Additional note: I needed np.ascontiguousarray method for my 2D views of a 3D array, which was not mentioned in the brian2cuda documentation.

Minimal code to reproduce problem

Original method:
“”"
def create_dynamic_temporal_signal(
self, tvec, svec, _dt, params, show_impulse=False, impulse_contrast=1.0
):
“”"
Dynamic temporal signal for midget units
“”"
# params is [n units, n_features, n_domains] array, domains are the [center, surround].
n_units = params.shape[0]
n_timepoints = tvec.shape[-1]

    if params.ndim != 3:  # params is [n_units, n_features, n_domains]
        raise ValueError("params array must be 3D for midget units, aborting...")

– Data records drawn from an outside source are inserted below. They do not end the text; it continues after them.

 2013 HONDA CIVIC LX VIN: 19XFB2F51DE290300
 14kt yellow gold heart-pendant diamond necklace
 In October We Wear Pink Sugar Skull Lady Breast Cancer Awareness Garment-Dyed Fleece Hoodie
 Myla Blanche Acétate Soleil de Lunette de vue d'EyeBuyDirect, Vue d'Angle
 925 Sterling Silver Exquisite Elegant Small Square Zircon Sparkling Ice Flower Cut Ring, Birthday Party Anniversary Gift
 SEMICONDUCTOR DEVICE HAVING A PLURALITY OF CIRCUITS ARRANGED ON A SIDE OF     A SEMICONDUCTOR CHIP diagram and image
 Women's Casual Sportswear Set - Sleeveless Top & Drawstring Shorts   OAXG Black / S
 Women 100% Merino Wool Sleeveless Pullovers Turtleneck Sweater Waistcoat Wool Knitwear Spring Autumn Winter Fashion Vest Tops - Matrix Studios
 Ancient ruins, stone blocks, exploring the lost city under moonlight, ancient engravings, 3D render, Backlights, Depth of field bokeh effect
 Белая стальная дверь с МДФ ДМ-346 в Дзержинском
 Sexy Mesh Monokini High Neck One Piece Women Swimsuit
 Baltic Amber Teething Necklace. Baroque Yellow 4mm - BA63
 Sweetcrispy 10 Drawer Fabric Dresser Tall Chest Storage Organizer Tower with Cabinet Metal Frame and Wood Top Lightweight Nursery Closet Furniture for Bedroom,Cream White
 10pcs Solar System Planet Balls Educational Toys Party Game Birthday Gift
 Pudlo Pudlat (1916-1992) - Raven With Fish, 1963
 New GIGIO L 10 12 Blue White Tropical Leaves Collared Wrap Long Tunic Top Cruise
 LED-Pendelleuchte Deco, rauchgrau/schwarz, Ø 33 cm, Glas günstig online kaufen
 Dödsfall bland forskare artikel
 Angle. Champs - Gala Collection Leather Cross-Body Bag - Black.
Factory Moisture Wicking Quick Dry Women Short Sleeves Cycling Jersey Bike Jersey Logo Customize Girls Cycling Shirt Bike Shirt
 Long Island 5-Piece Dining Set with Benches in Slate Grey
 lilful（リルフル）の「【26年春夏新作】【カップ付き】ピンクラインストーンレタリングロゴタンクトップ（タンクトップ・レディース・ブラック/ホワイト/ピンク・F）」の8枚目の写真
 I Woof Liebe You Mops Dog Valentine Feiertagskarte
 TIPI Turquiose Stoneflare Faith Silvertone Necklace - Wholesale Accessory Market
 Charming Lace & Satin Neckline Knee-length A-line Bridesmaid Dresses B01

    if svec.size == n_units * n_timepoints * 2:
        # Visual stimulus
        svecs = svec
    elif svec.size == n_timepoints:
        # Impulse response
        svecs = np.tile(
            np.expand_dims(svec, -1), (params.shape[0], 1, params.shape[2])
        )
    else:
        raise ValueError(
            "svec size matches neither visual simulus or impulse, aborting..."
        )

    tvec = np.expand_dims(tvec, axis=0)
    lp = np.zeros((n_units, n_timepoints, 2))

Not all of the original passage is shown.